+++ Exercise data

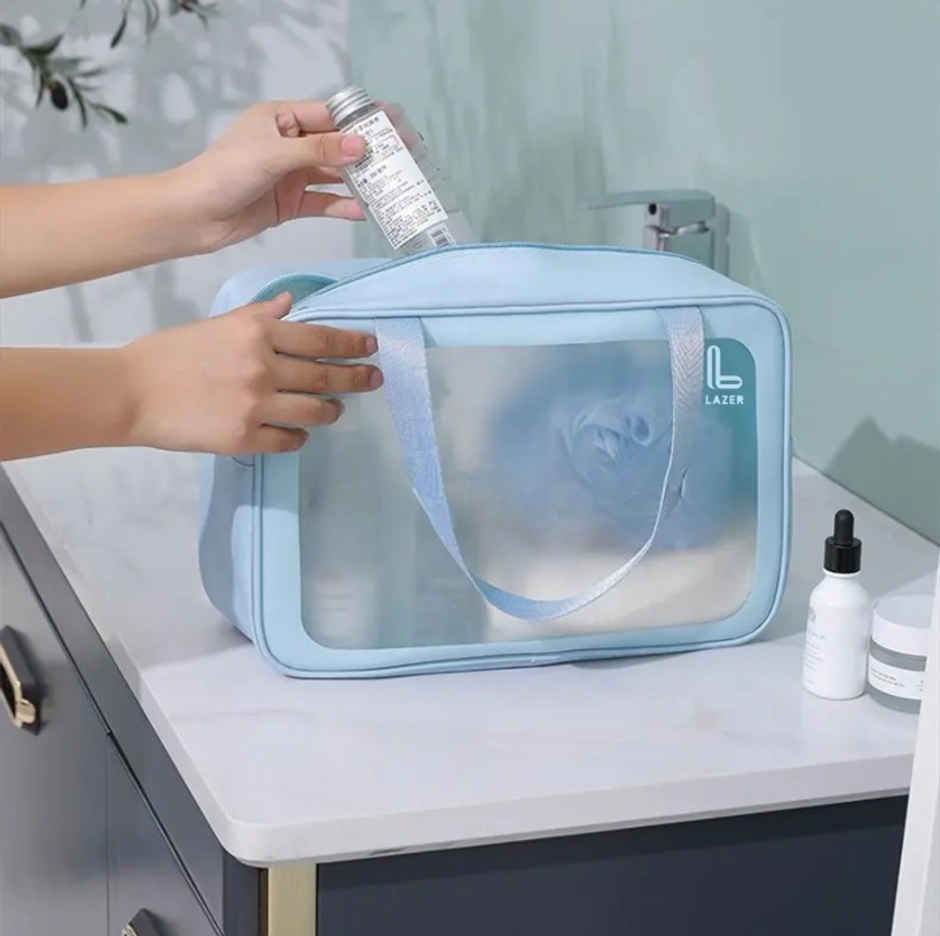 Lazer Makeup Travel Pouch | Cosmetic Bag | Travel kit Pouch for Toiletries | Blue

++++++
+++ Exercise data

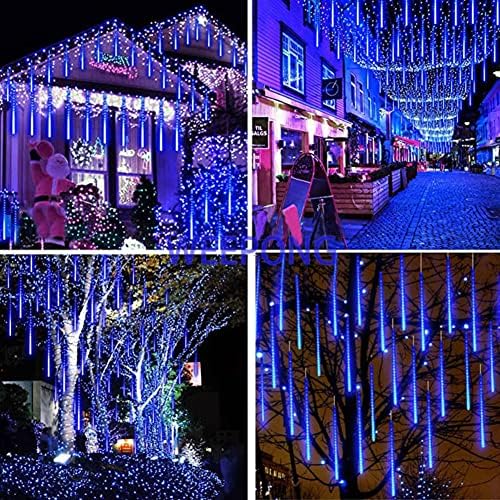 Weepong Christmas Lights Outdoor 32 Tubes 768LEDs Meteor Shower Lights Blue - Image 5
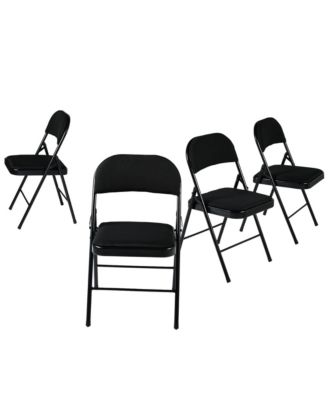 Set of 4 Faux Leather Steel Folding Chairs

++++++

• **What to work on**: Above are records with pictures. Reproduce exactly only the lines from the line with "Weepong Christmas Lights" through the line with "Set of 4 Faux Leather Steel Folding Chairs", both ends included, and leave the pictures out.

• **Solved problem**:
 Weepong Christmas Lights Outdoor 32 Tubes 768LEDs Meteor Shower Lights Blue - Image 5
 Set of 4 Faux Leather Steel Folding Chairs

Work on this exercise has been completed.